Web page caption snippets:
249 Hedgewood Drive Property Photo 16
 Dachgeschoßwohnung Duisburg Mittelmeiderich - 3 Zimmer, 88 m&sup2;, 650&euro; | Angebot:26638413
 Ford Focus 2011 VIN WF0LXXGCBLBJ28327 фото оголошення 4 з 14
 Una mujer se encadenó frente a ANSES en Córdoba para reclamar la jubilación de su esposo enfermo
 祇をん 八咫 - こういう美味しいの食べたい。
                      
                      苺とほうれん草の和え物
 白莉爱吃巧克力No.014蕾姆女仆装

**Task directions**
The records above need to be duplicated. Keep every word unchanged.

**Task output**
249 Hedgewood Drive Property Photo 16
 Dachgeschoßwohnung Duisburg Mittelmeiderich - 3 Zimmer, 88 m&sup2;, 650&euro; | Angebot:26638413
 Ford Focus 2011 VIN WF0LXXGCBLBJ28327 фото оголошення 4 з 14
 Una mujer se encadenó frente a ANSES en Córdoba para reclamar la jubilación de su esposo enfermo
 祇をん 八咫 - こういう美味しいの食べたい。
                      
                      苺とほうれん草の和え物
 白莉爱吃巧克力No.014蕾姆女仆装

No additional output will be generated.